Back to Journals » International Medical Case Reports Journal » Volume 12

Peripheral hypertrophic subepithelial corneal degeneration: clinical aspects related to in vivo confocal microscopy and optical coherence tomography

Authors Gunzinger JM, Voulgari N, Petrovic A, Hashemi K, Kymionis G

Received 11 March 2019

Accepted for publication 24 June 2019

Published 26 July 2019 Volume 2019:12 Pages 237—241

DOI https://doi.org/10.2147/IMCRJ.S208297

Checked for plagiarism Yes

Review by Single anonymous peer review

Peer reviewer comments 3

Editor who approved publication: Dr Scott Fraser

Download Article [PDF] 

Jeanne Martine Gunzinger, Nafsika Voulgari, Aleksandra Petrovic, Kattayoon Hashemi, Georgios Kymionis

Lausanne University, Cornea and Refractive Surgery Department, Jules-Gonin Eye Hospital, Lausanne, Switzerland

Purpose: To report the findings of anterior segment optical coherence tomography (AS-OCT) and in vivo confocal microscopy (IVCM) in two patients with peripheral hypertrophic subepithelial corneal degeneration (PHSD).
Methods: Case series by retrospective chart review and imaging analysis of AS-OCT and IVCM.
Results: Slit lamp examination of the two patients revealed a bilateral subepithelial-elevated fibrous tissue of the superior-nasal quadrant, as well as inferior-nasal in one of the patients. Best corrected visual acuity ranged from 20/25 to 20/15. AS-OCT showed continuous, homogenous, well-demarked hyperreflective subepithelial band associated with hyperreflectivity in the anterior stroma. IVCM demonstrated normal epithelial cell morphology and arrangement and a fibrous structure subepithelial and in the anterior stroma.
Conclusion: AS-OCT and IVCM can facilitate the diagnosis of PHSD and differentiate it from other corneal entities that present peripheral opacifications.
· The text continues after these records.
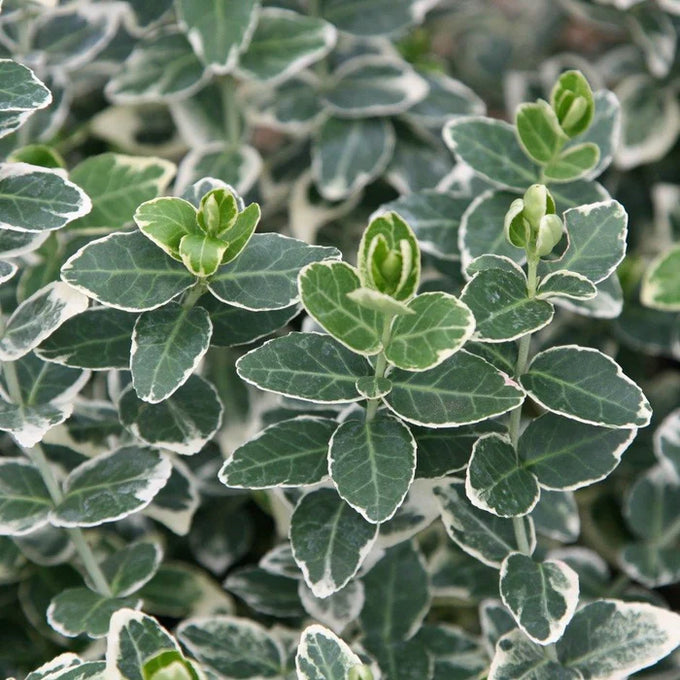 Euonymus Emerald Gaiety 2L evergreen shrub with white-edged leaves, ideal groundcover or climber, from Keans Claremorris.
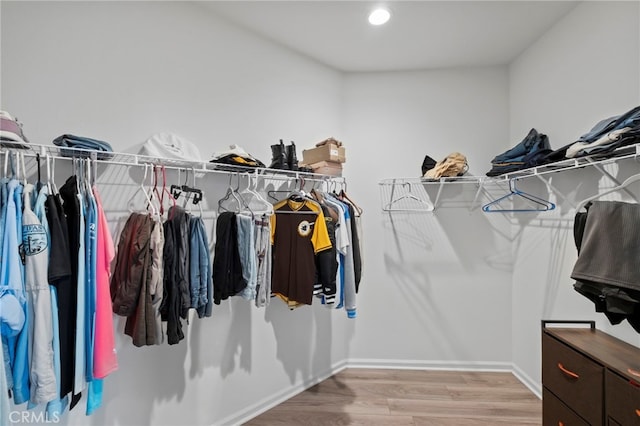 spacious closet featuring light hardwood / wood-style flooring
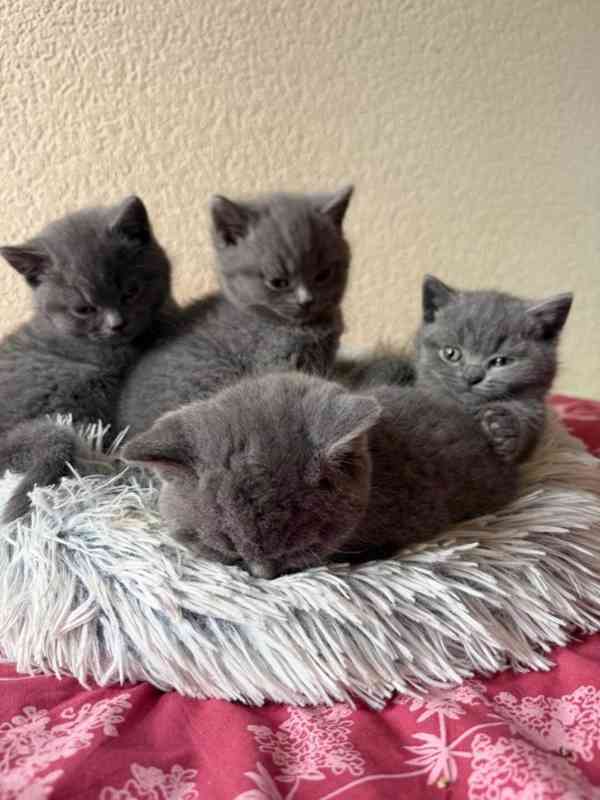 Britská koťátka s PP - foto 1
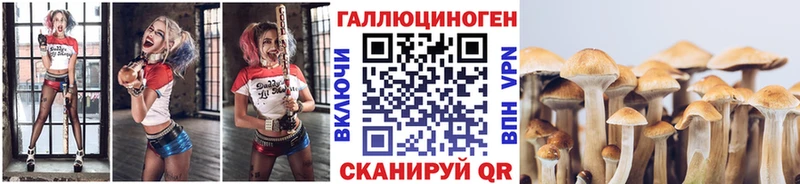цена наркотик  Красновишерск  Галлюциногенные грибы Psilocybine cubensis 
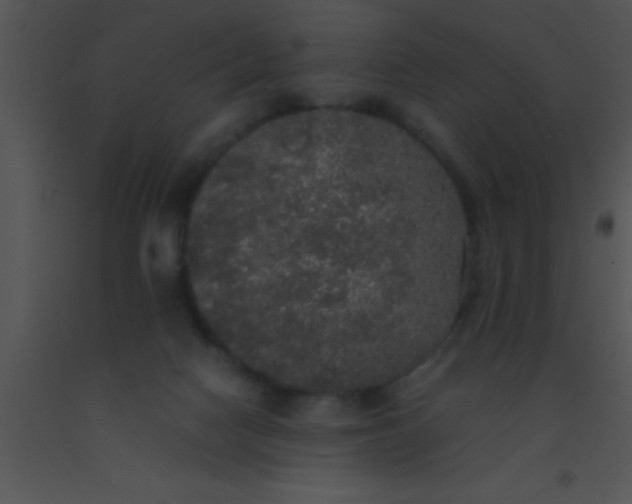 X0000091550074200708311403
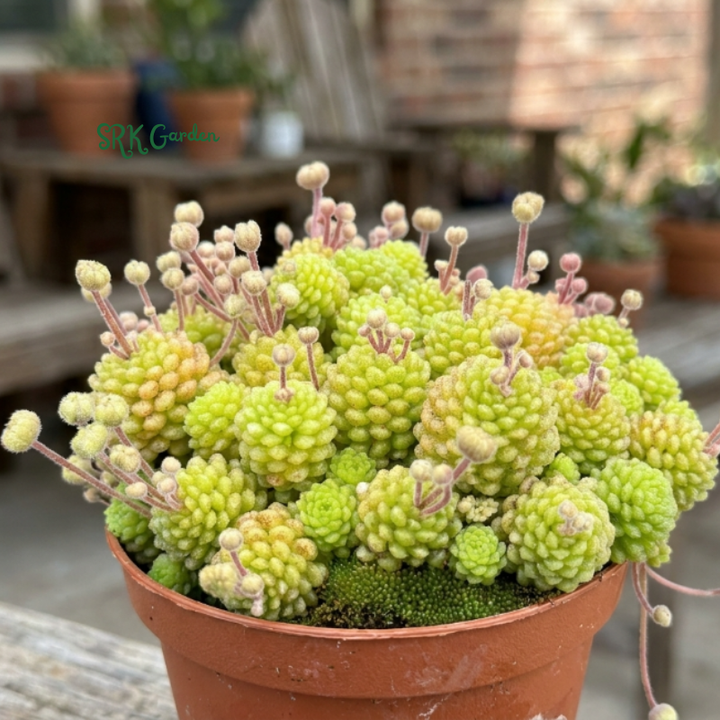 Monanthes Polyphylla, Miniature Succulent, Rare Plant in 3" pot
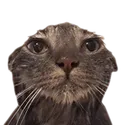 WalidPleb Discord Emoji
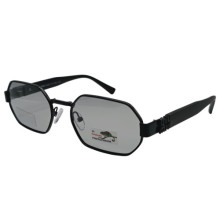 Polarized Хамелеон MM XP7021 c1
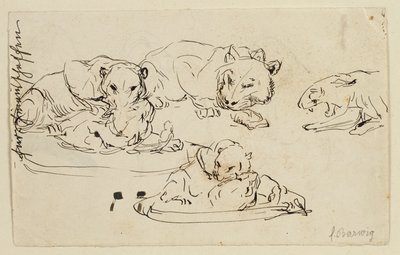 うなるスンダパンサー 作： Franz Barwig d. Ä.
Keywords: peripheral hypertrophic subepithelial corneal degeneration, anterior segment optical coherence tomography, in vivo confocal microscopy, peripheral corneal opacification

Introduction

Peripheral hypertrophic subepithelial corneal degeneration (PHSD) is a clinical entity of unknown etiology, first reported in 2003,1 that more commonly needs to be differentiated from Salzmann’s nodular degeneration (SND). It is characterized by predominantly bilateral, gradually progressing, perilimbal, subepithelial corneal fibrosis with adjacent superficial neovascularization in the absence of concurrent or preceding clinically visible ocular surface inflammation.13 Terrien marginal degeneration and corneal intraepithelial neoplasia (CIN) can equally present with peripheral corneal opacification sharing many similarities with PHSD but otherwise exhibiting distinct clinicopathological properties. We herein present two cases of PHSD that manifested as Terrien marginal degeneration and CIN, respectively. The distinguishable features that allow identification of this uncommon entity are highlighted. To our knowledge, this is the first report of anterior segment optical coherence tomography (AS-OCT) and in vivo confocal microscopy (IVCM) characteristics of PHSD.

Case series

Case 1

An 88-year-old man was referred to the cornea department of the University of Lausanne, Jules Gonin Eye Hospital for suspicion of a CIN or carcinoma in situ due to a superficial corneal lesion in the right eye. According to the referring ophthalmologist, this lesion was first described 10 years ago, showing gradual progression to the paracentral region.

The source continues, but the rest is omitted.